Most schools have ample information about financial aid available on their websites. Many include calculators that will help you estimate eligibility for grants, loans, and work study opportunities. If you have unique circumstances, or questions beyond the general information you can find online, contact a financial aid officer at the school for more details.
What do college costs include? Most parents agree that costs include tuition and fees, books, and reasonable room and board expenses. But what about a computer for assignments, transportation funds, and spending money for things like entertainment, vacations, and gifts? What about moving expenses?
Don’t forget precollege costs either. You will need to decide whether or not any agreement to share expenses also applies to things like application fees, test fees, costs of enrichment courses, test prep courses or college credits completed in high school.
Current Savings and Future Savings Plans
If one or both of you has already made contributions to a 529 or similar type of account, you can decide whether or not you want to commit to continuing contributions. You can also agree to set up new accounts and make specified annual contributions. Accounts that are specifically designed for educational savings can offer beneficial tax breaks. Check with your accountant or financial advisor for advice on the best way to save. You may also want to get financial advice about maximizing any educational tax credits or deductions.
Your Child’s Responsibility
Parents can also discuss whether or not the child should be expected to take out loans or hold a part-time job during school, but be aware that courts will not hold children to agreements reached by their parents. Avoid terms that make such thing mandatory. You can, however, make your promises to each other contingent on the occurrence of certain events, including the child complying with certain prerequisites.
If you agree that your child should take out loans, then also consider whether these should be limited to subsidized or unsubsidized federal loans, or whether private loans are also to be considered. Be aware that maximizing loans, and especially exceeding the limits of any federal loans a child qualifies for, can easily result in unmanageable future debt.
If you believe that your child should confer with both of you before submitting applications or before accepting an offer of admission from any school, now is the time to make that clear as well.
Each Parent’s Contribution
Parents often agree to split expenses 50/50, or to make contributions proportionate to each parent’s income. If one parent earns significantly less than the other, the latter may be more fair. Be specific in your agreement. If you plan to make contributions proportionate to income, does this mean gross income or net income? Does it mean the current year’s income, or an average of income over the past few years?
Mechanics of Payment
Specify how you plan to make payments. Will the custodial parent pay the bills in advance and seek reimbursement, or will each parent send money directly to the school or to the child? Does it make sense for one parent to maintain a joint bank account with the student? Will the student have a debit card? What about an emergency credit card?

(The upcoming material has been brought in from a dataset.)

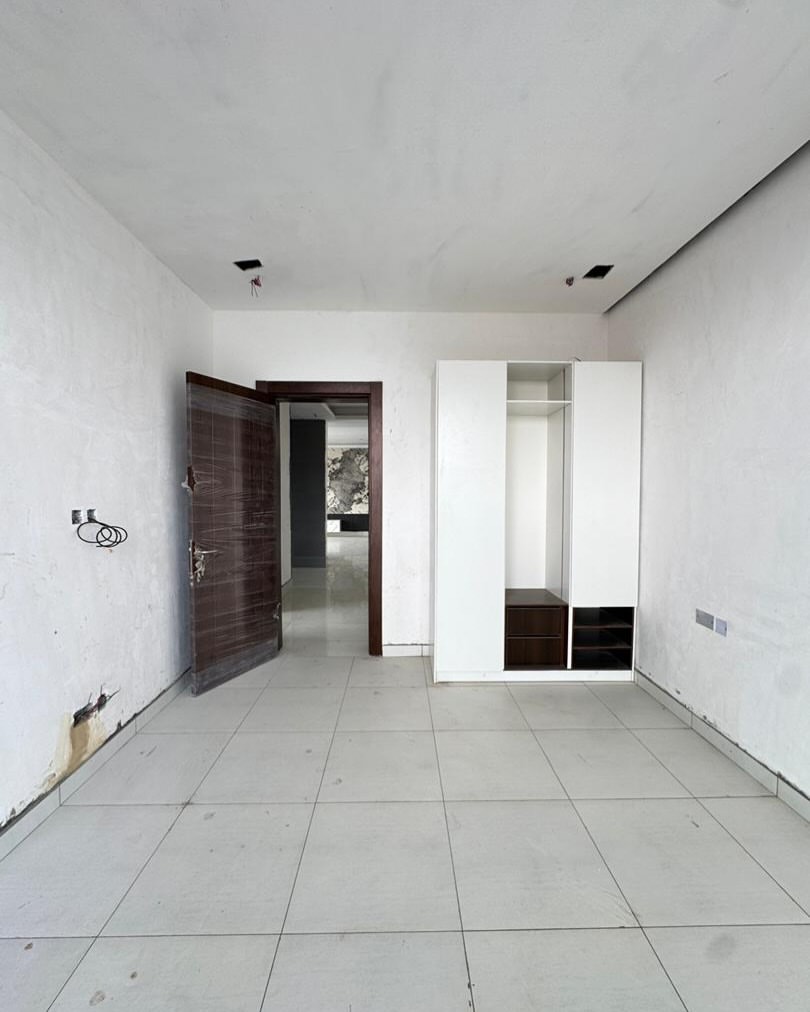 Luxury Ikate Haven: 2 & 3 Bed Apartments & Penthouse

Parents may have minor or major disagreements about how much financial responsibility they should take on for a child’s higher education. The sooner you can come together with a plan, the better. It’s best to consider decisions about such expenses as part of an overall divorce settlement. That way you can coordinate discussions about educational expenses with those about issues like parenting time and spousal support payments. Your agreement about expenses can then be part of a comprehensive marital settlement agreement.
Courts tend to uphold agreements between parents about college education contributions, but only if the agreements are specific and clear. The wording of an agreement can be critical to its enforcement. To avoid having to rehash the whole issue again later, have an attorney review the terms before you finalize it.